» **Goal of the exercise**
Reproduce exactly the lines below, starting at the line that contains "Luces de Señal" and ending with the last line of the records, both included; leave out any pictures.

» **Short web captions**
┌────────
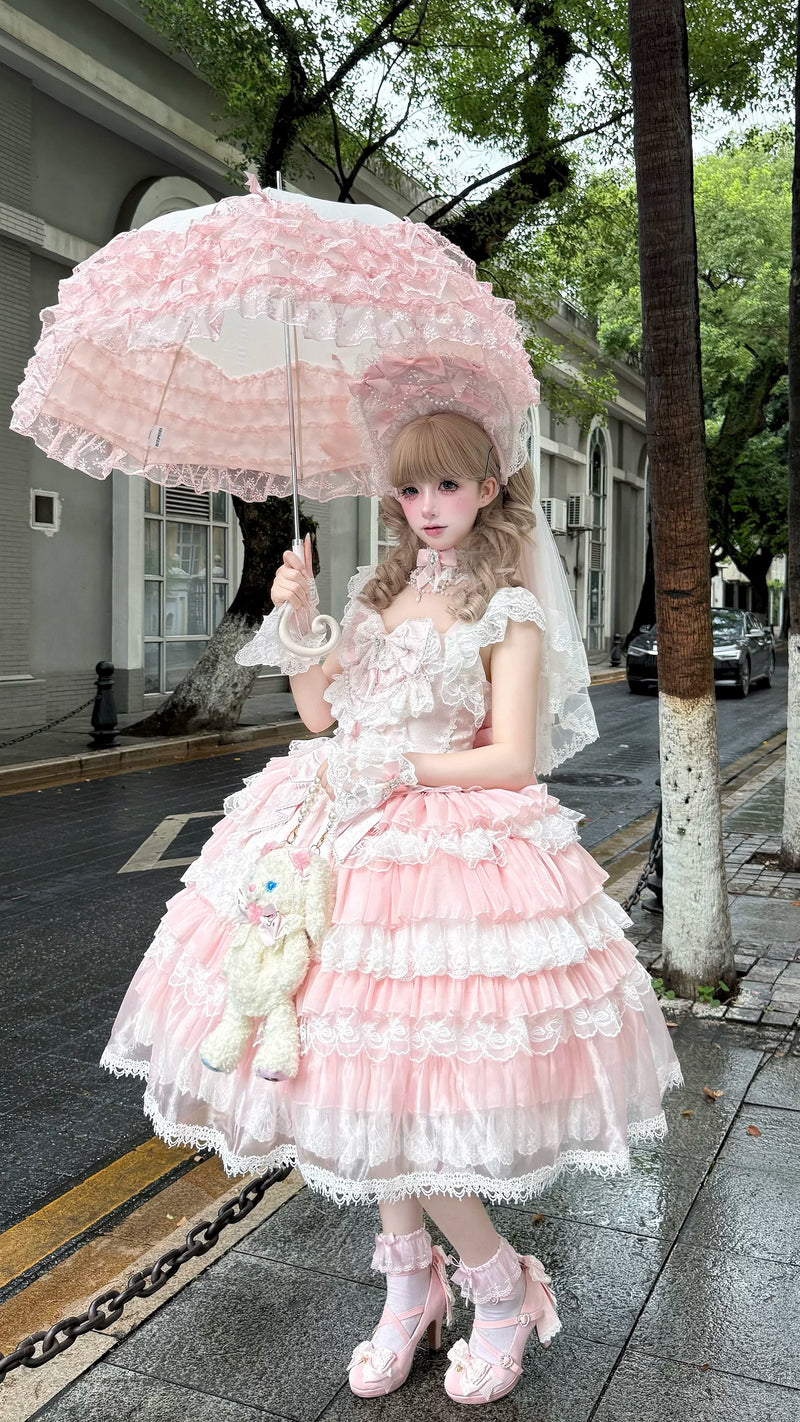 Miaolin Original - Rose Oath - Sweet Lolita JSK dress with rose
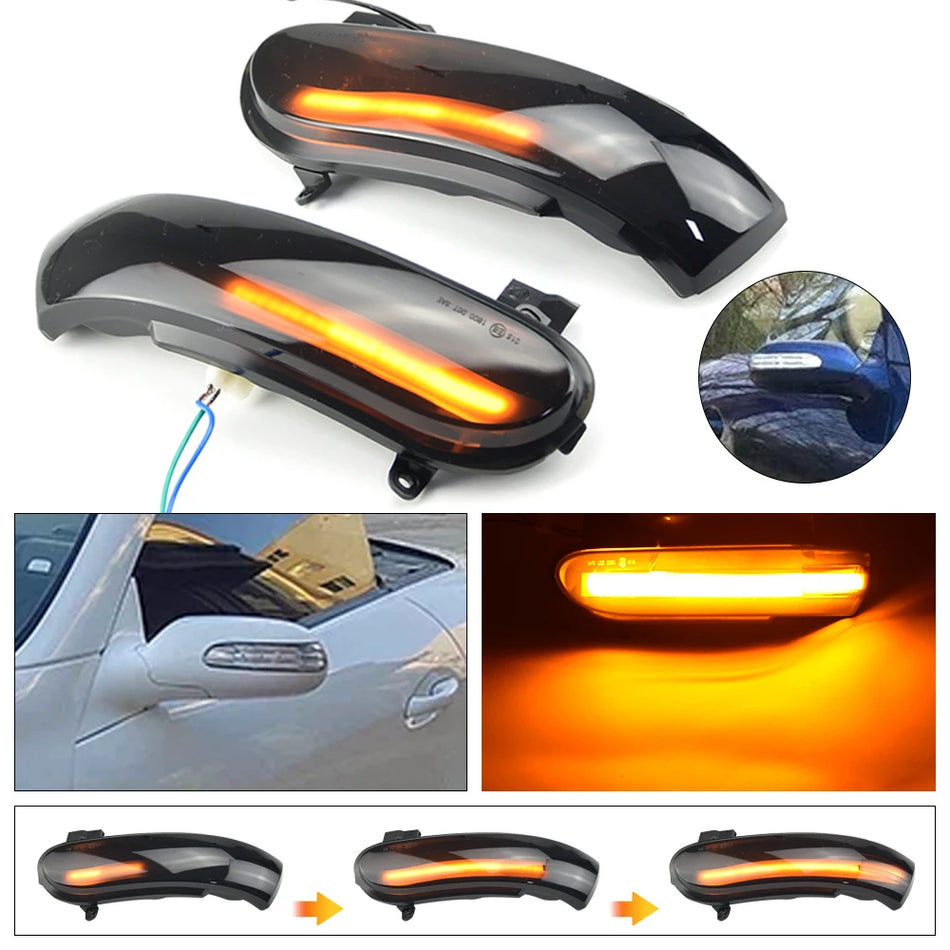Luces de Señal de Giro LED Dinámicas para Mercedes-Benz SLK SL R171 W171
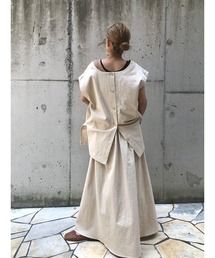 ulu | Linen denim vest(ベスト)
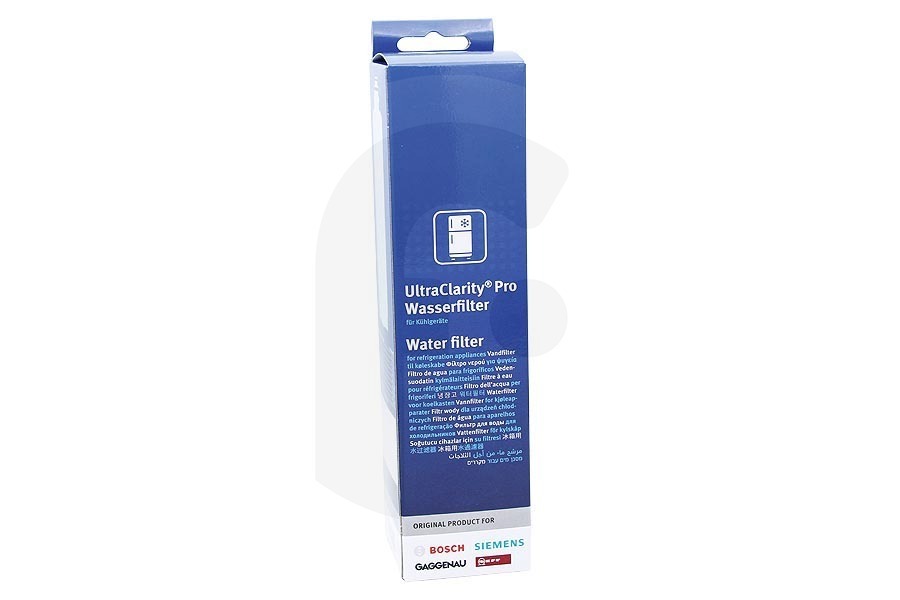 Bosch Frigorífico UltraClarity Pro filtro de agua para Bosch, Siemens y otros frigorífico americano 11032518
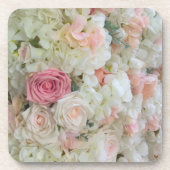 ピンクとホワイトローズ コースター (正面)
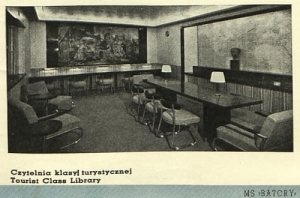 M/S Batory czytelnia - Reprodukcja 4135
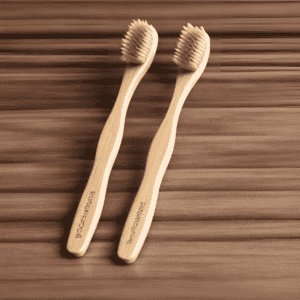 stylish bamboo toothbrush two sets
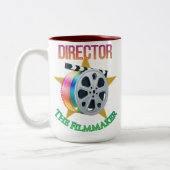Director - The Filmmaker Two-Tone Mug Zweifarbige Tasse (Links)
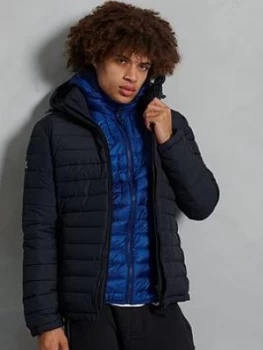 Image of Superdry Hooded Fuji Jacket - Navy, Size XS, Men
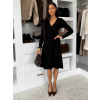 Černé elegantní áčkové šaty TEYVORA s páskem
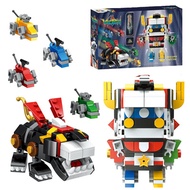 1Set Defender of the Universe Brickheadz Voltron Robot Model Building Blocks Enlighten Figure Toys F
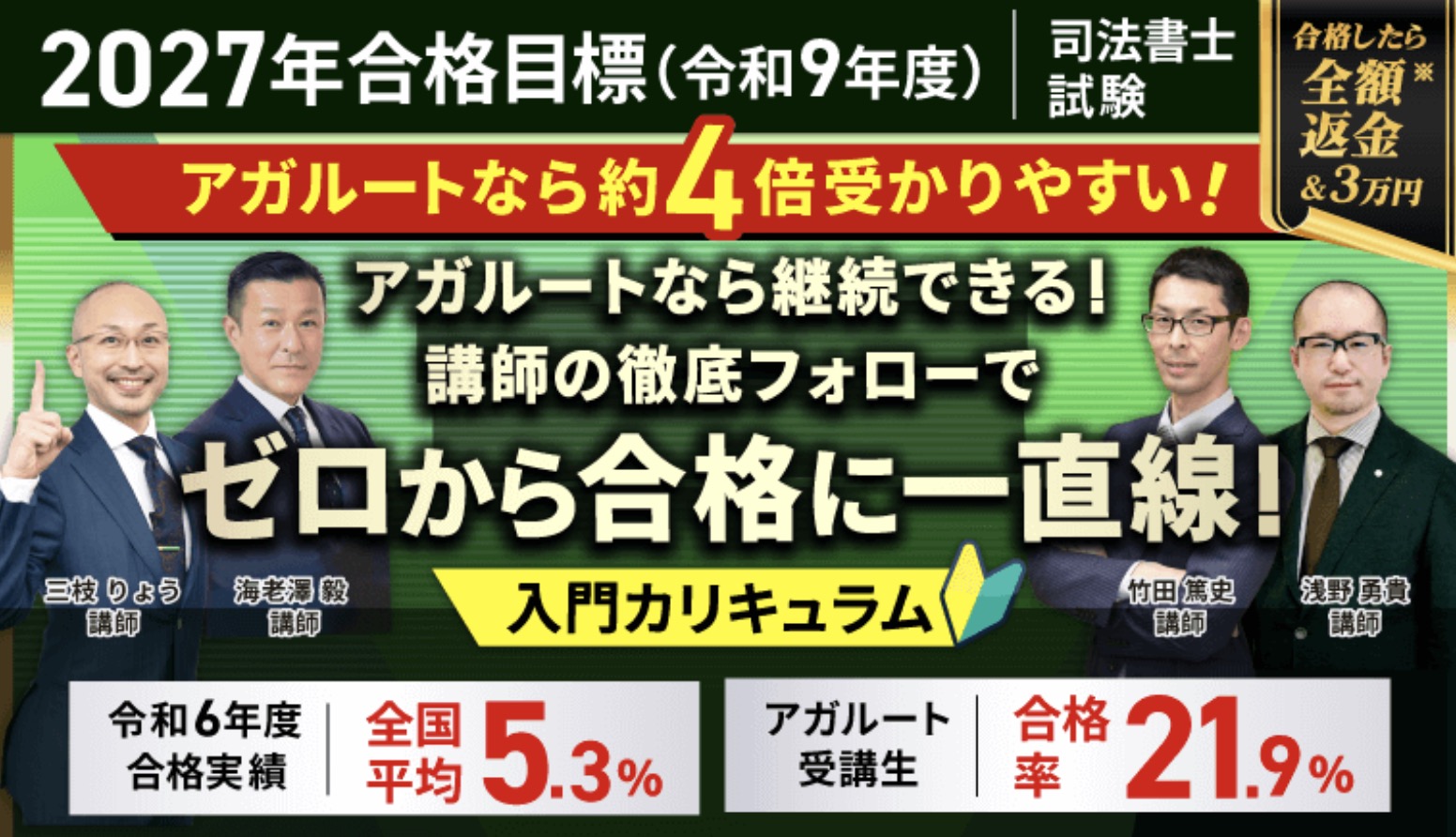 2027年受験版 アガルート 司法書士講座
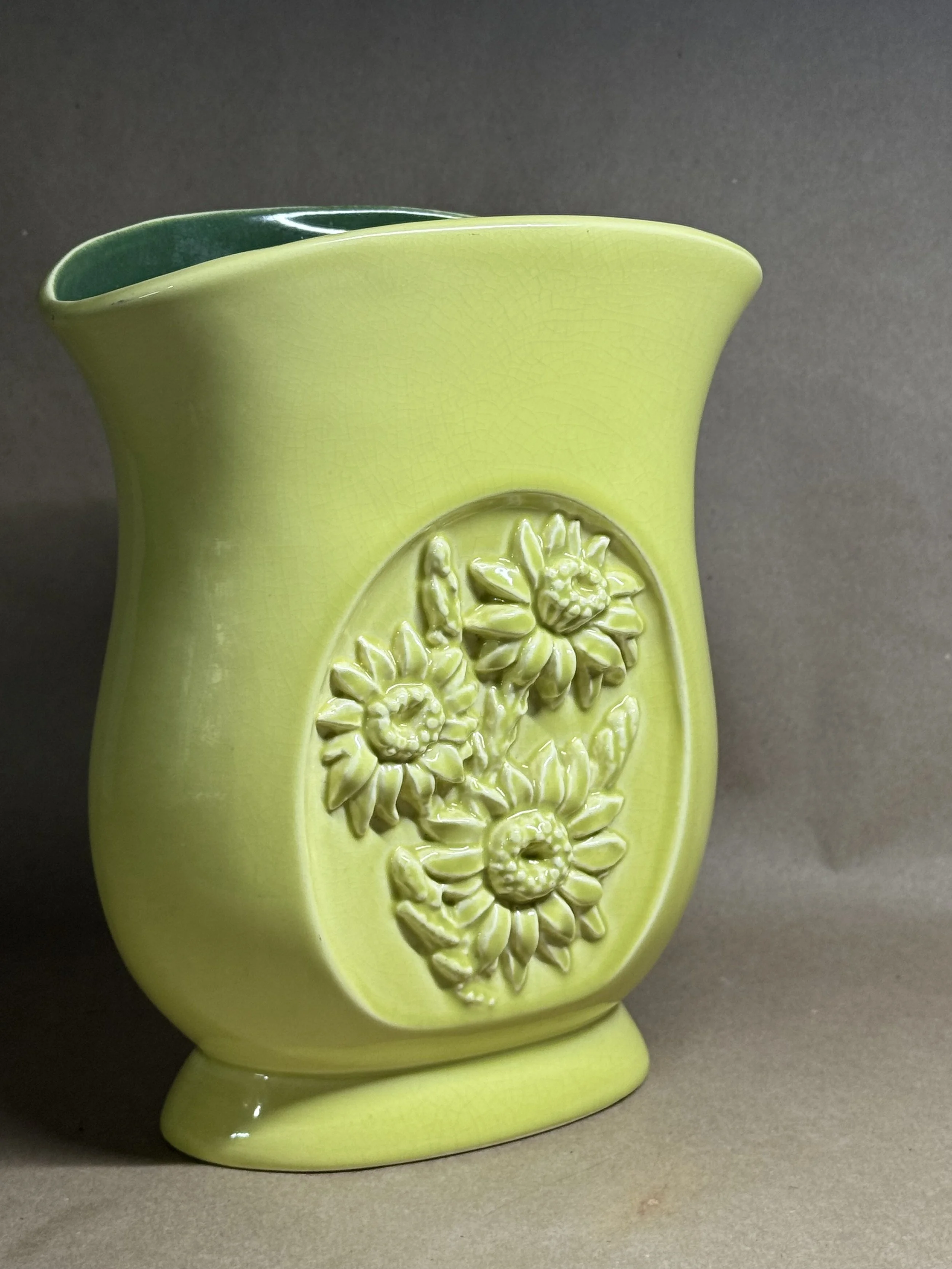 8 Inch Vase Tropicana Line featuring Desert Flower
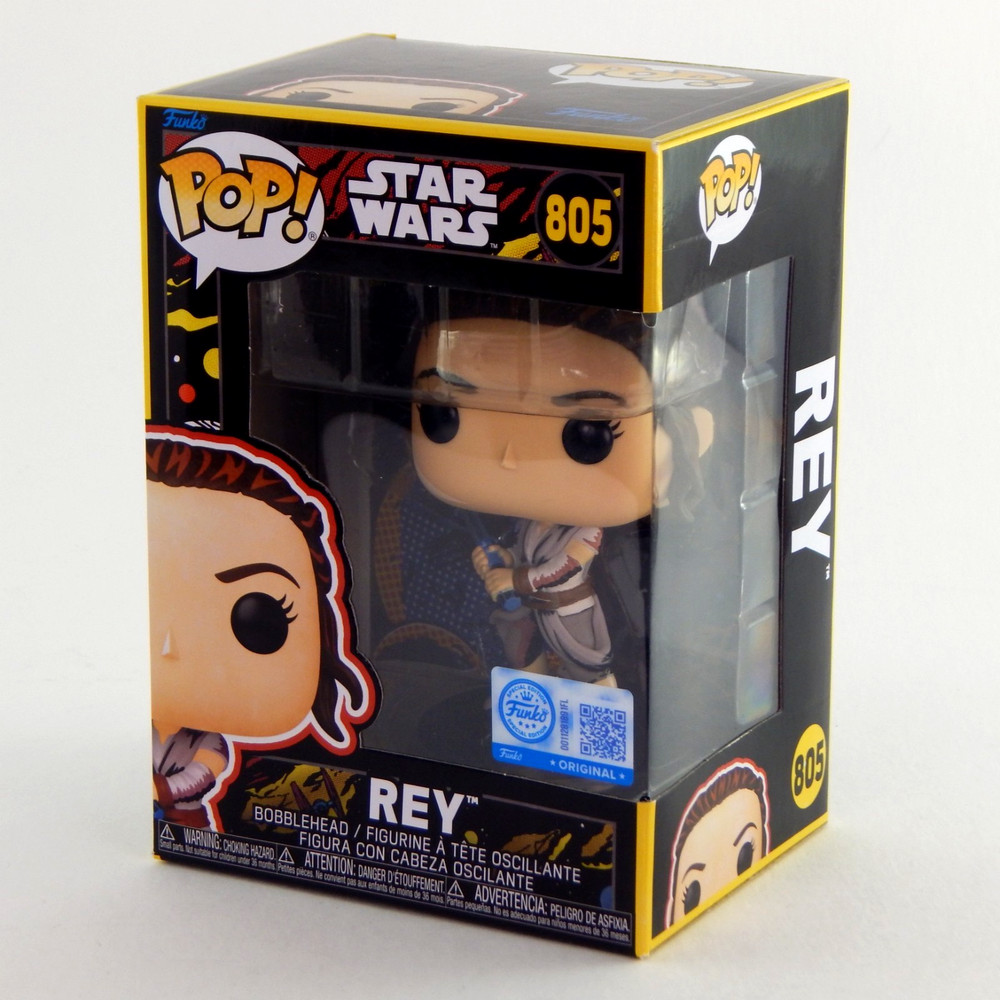 Funko Pop! Star Wars Rey 805 and BB-8 804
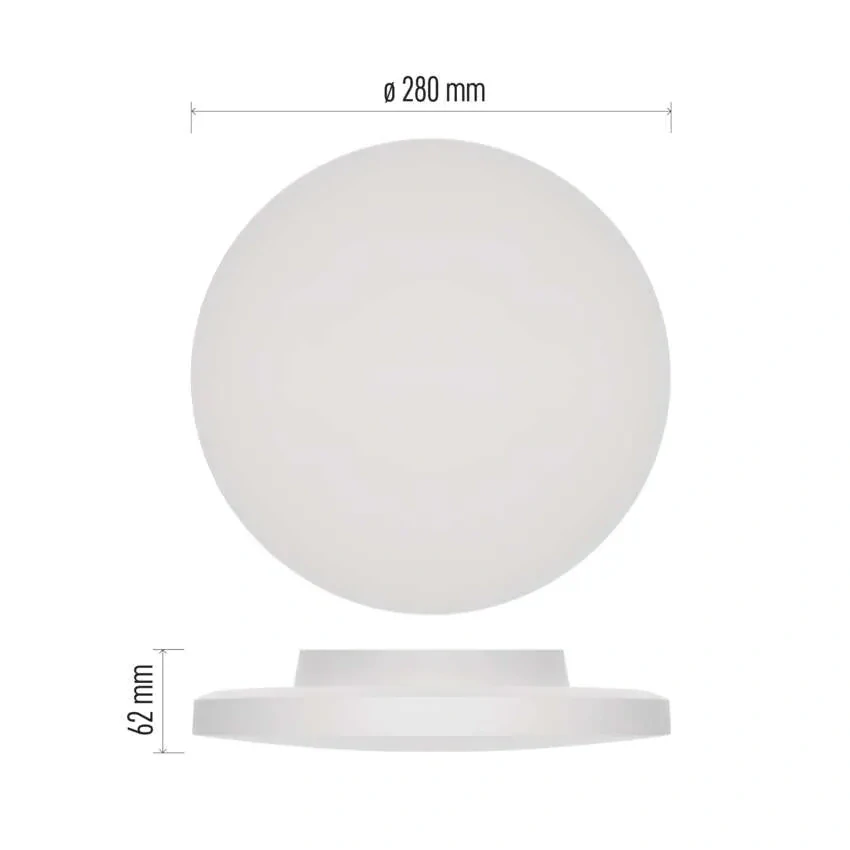 Emos ZM7150 DIONI - LED přisazené svítidlo se změnou barvy světla 15W, 3000+4000+5700K, Ø 28cm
└────────
» **Output**
Luces de Señal de Giro LED Dinámicas para Mercedes-Benz SLK SL R171 W171
 ulu | Linen denim vest(ベスト)
 Bosch Frigorífico UltraClarity Pro filtro de agua para Bosch, Siemens y otros frigorífico americano 11032518
 ピンクとホワイトローズ コースター (正面)
 M/S Batory czytelnia - Reprodukcja 4135
 stylish bamboo toothbrush two sets
Director - The Filmmaker Two-Tone Mug Zweifarbige Tasse (Links)
 Image of Superdry Hooded Fuji Jacket - Navy, Size XS, Men
 Černé elegantní áčkové šaty TEYVORA s páskem
 1Set Defender of the Universe Brickheadz Voltron Robot Model Building Blocks Enlighten Figure Toys F
 2027年受験版 アガルート 司法書士講座
 8 Inch Vase Tropicana Line featuring Desert Flower
 Funko Pop! Star Wars Rey 805 and BB-8 804
 Emos ZM7150 DIONI - LED přisazené svítidlo se změnou barvy světla 15W, 3000+4000+5700K, Ø 28cm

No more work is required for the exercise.